Gateway timeouts on password reset

Anro · February 6, 2025, 3:05pm

Recently, we started experiencing errors when setting passwords on login profiles.

We suspect this happens because the user is linked to a large amount of data. When the profile submission fires, the user-info request attempts to determine the number of records associated with this user in order to display a warning. However, the request takes too long, exceeding 30 seconds in our test case, resulting in a 504 Gateway Timeout.

We believe this might be due to differences in our NGINX configuration:

keepalive_timeout 65;
proxy_read_timeout <not set, use nginx default>

According to the NGINX documentation, the default proxy_read_timeout is 60 seconds, which seems to contradict our theory.

From what we can see in the following issue thread, increasing the timeout resolves a variety of problems:
Align nginx and ALB timeout values · Issue #8214 · medic/cht-core

We have been somewhat conservative with our timeout settings, as they help ensure that unresponsive servers do not leave connections open unnecessarily. However, we may have set them too strictly due to a lack of understanding. Additionally, a different timeout setting may be the actual cause of the issue.

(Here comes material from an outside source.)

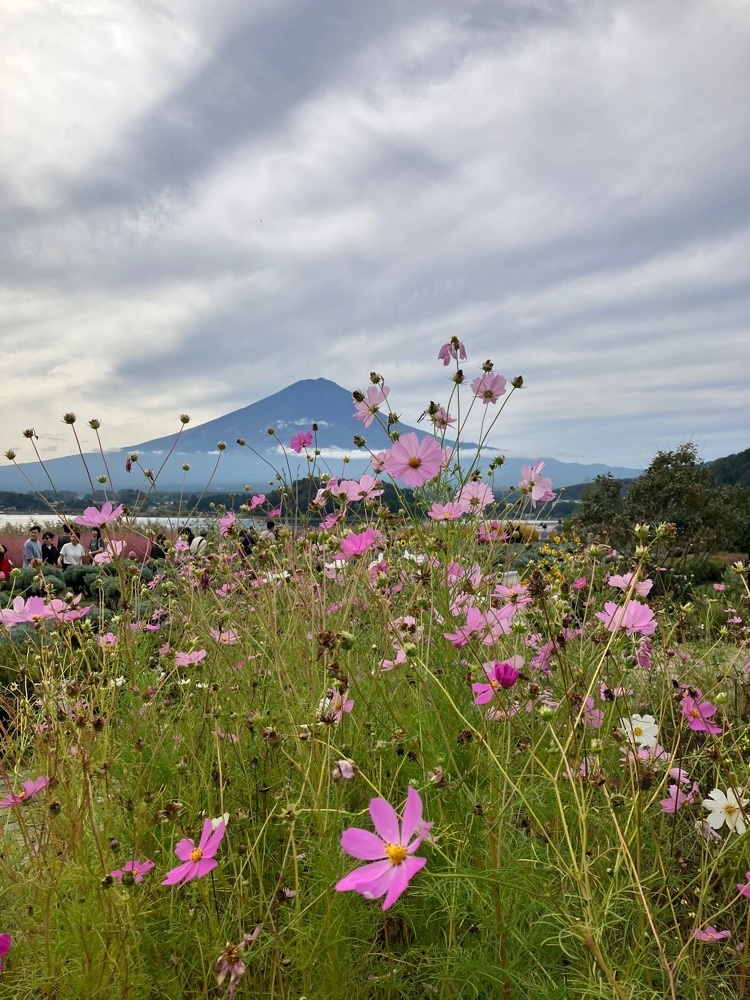 Nさんが投稿した河口湖自然生活館に関する口コミの画像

We would appreciate any guidance on this matter.

diana · February 6, 2025, 3:27pm

Hi @Anro

In the CHT-Core nginx config, proxy_read_timeout is set to 3600 (cht-core/nginx/nginx.conf at master · medic/cht-core · GitHub).
I understand you wish to be conservative about timeouts, however large requests can take longer. I suggest you experiment with increasing this timeout. Our safe recommendation is 3600 seconds.

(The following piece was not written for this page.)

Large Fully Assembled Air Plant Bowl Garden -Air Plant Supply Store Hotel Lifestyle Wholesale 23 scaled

Anro · February 7, 2025, 12:11pm

Hi @diana,

We’re happy to increase the timeout slightly for most routes. However, if there are specific routes that genuinely require an hour, please let us know.

diana · February 10, 2025, 10:43am

Hi @Anro

The “heavy lifting” is performed on:

/api/v1/initial-replication/get-ids
/api/v1/replication/get-ids
/api/v1/replication/get-deletes
/medic/_bulk_get
/medic/_bulk_docs
/medic/_all_docs

These endpoints should have timeouts above the default. I recommend you experiment with an increased timeout and check whether any of your requests get dropped. We export a metrics endpoint that will give you endpoint stats
: API to interact with CHT Applications | Community Health Toolkit . This can be monitored through watchdog for overtime stats so you can check what your rough timeout should be.